Design of a Face Recognition Technique Based MTCNN and ArcFace

Viet, Dang Thai; Van Thien, Phan; Tu, Nguyen Huu; Minh, Hoang Gia; Bui, Ngoc-Tam

doi:10.1007/978-3-031-57460-3_8

Dang Thai Viet¹⁹,
Phan Van Thien¹⁹,
Nguyen Huu Tu¹⁹,
Hoang Gia Minh¹⁹ &
…
Ngoc-Tam Bui²⁰

Part of the book series: Lecture Notes in Mechanical Engineering ((LNME))

Included in the following conference series:

International Conference on Material, Machines and Methods for Sustainable Development

65 Accesses

Abstract

The current trend of automation and data sharing in manufacturing technologies and daily living is the 4th Industrial Revolution.

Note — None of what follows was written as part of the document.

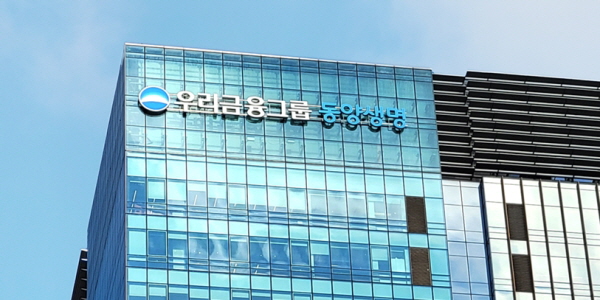 <a href='https://www.businesspost.co.kr/BP?command=article_view&num=426041' class='human_link' style='text-decoration:underline' target='_blank'>임종룡</a> 우리금융 회장 2기 CEO 인선 키워드 '안정', 비은행 성과 압박 더 커져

Computer vision technology has permeated our daily lives as a result of advancements in artificial intelligence and processing capacity. We propose using the ArcFace model, which blends deep neural networks with multi-tasking convolutional neural networks (MTCNN). The coding procedure of the agglomeration neural network facilitates the dimension-appropriate encoding of images. Techniques aimed at enhancing face recognition’s most distinctive characteristics. For the face recognition model to operate at peak efficiency, the facial recognition feature must integrate with finger gestures to control smart home activities, communicate with data, and link effortlessly to smart devices via IoT technology. We construct a facial recognition model utilizing an embedded Jetson Nano computer, a fingerprint scanning module, and a Raspberry Pi camera. The IoT smart home utilizes an embedded Raspberry Pi 3B + computer. The results indicate an approximate precision of 96% and a processing speed of 16 FPS. The interface of an Internet of Things (IoT) smart house illustrates the successful execution of real-time functionalities.

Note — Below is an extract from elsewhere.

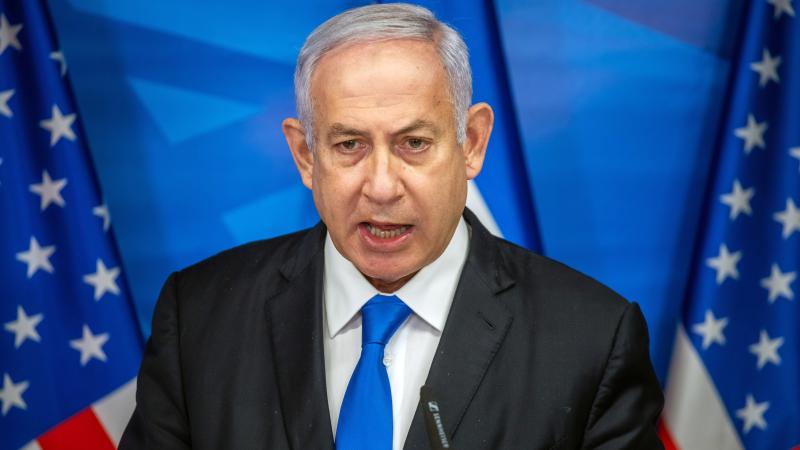 Katil Netanyahu, İngiltere’nin bazı silahların satışını askıya alma kararını eleştirdi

Access provided by Autonomous University of Puebla. Download conference paper PDF

Keywords

1 Introduction

In the 4th Industrial Revolution, informatics and data science provided substantial support for automated production [1]. The use of this astonishing innovation resulted in a multitude of accomplishments, such as intelligent monitoring systems, sophisticated transportation infrastructure, automated financial systems and industrial assembly robot manipulators [2,3,4,5].

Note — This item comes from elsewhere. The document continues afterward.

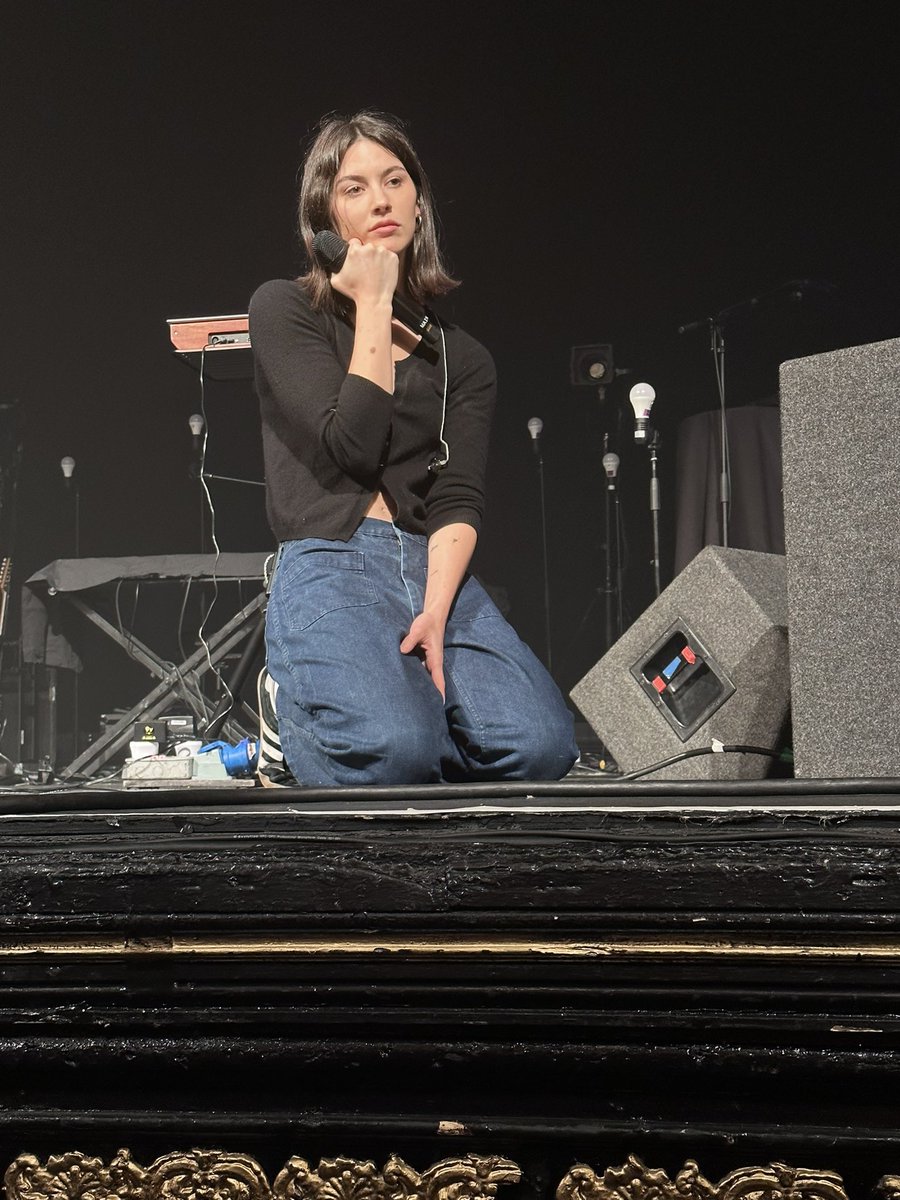 safe gracie tweet media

In keeping with this trend, we introduce the MTCNN model of face recognition for intelligent mechatronic systems. By comparing the pre-selected facial features from the image database with the person’s face, the system is able to contemplate the correction of the face. Recent research, Local Binary Pattern (LBP), transformed the input image to a binary image, then partitioned the face into blocks and calculated the histogram density per block to produce the histogram feature [6]. However, the extraction of features from the histogram may be influenced by external factors such as input image quality, illumination, etc. In addition, the Dlib method correlated with HOG and SVM [7] was employed. However, there was a possibility that the accuracy would suffer if the face angle was altered. In addition, a well-known research using the FaceNet face recognition system [8] calculated the distance between face vectors using the triplet loss function. However, this technique has the problem that the quantity of math operations the computer must execute grows exponentially as the volume of input data and the overlapping features between the faces rise. To reduce this effect, the researchers employ the ArcFace model, which calculates the distance between face vectors and creates a deviation angle and an addictive angular margin m to separate the characteristics of face vectors. ArcFace has developed and enhanced FaceNet, resulting in a decomposition that prevents misidentification when the original data image resembles a photo taken from a direct angle. The experimental results were reached at a frame rate of 14–16 FPS and an accuracy of approximately 96%. The findings of facial recognition for security are linked with finger gestures for home automation control. All monitoring data in real time is shown via the IoT smart home interface.

2 Methodology

The paper proposes to implement a face recognition process summarized as shown in Fig. 1.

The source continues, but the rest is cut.